__Directions for this task__:
Under this line are the records; repeat exactly the lines starting at the one containing "Grå Nike tech" and ending at the one containing "Momma Hen's Kitchen: Panko", omitting pictures.

__Data shown__:

______________________________

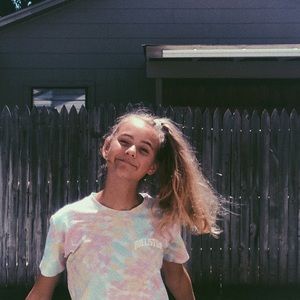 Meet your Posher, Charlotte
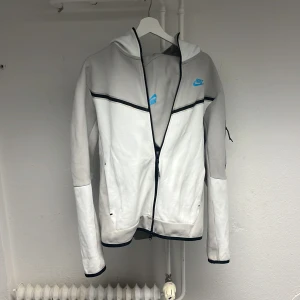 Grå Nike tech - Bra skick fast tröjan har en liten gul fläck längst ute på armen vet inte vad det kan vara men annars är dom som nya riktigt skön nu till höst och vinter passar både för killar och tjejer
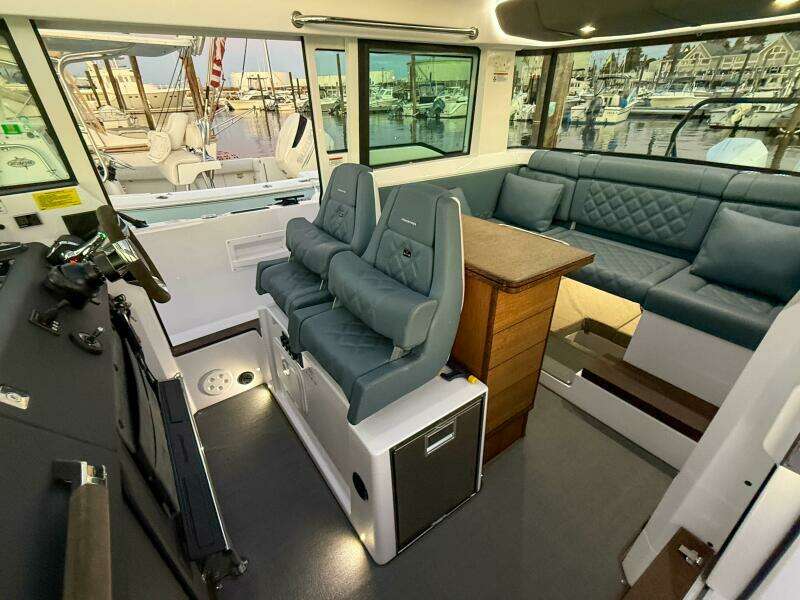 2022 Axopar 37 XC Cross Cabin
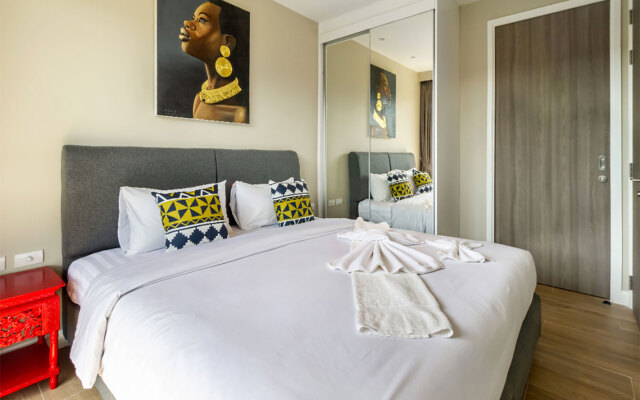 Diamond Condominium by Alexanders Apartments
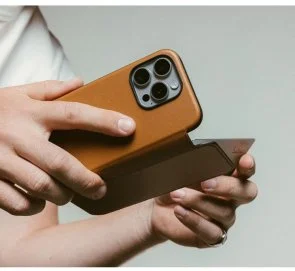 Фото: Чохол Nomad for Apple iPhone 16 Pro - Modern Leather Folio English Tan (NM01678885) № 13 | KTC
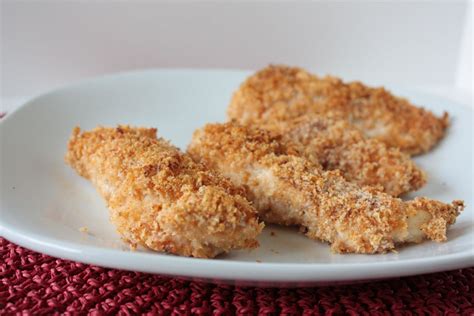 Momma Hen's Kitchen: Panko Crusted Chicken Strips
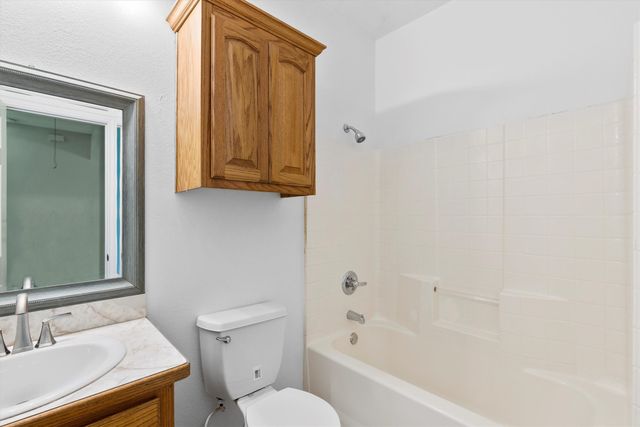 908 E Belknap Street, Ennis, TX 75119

______________________________

__Reply__:
 Grå Nike tech - Bra skick fast tröjan har en liten gul fläck längst ute på armen vet inte vad det kan vara men annars är dom som nya riktigt skön nu till höst och vinter passar både för killar och tjejer
 2022 Axopar 37 XC Cross Cabin
 Diamond Condominium by Alexanders Apartments
 Фото: Чохол Nomad for Apple iPhone 16 Pro - Modern Leather Folio English Tan (NM01678885) № 13 | KTC
 Momma Hen's Kitchen: Panko Crusted Chicken Strips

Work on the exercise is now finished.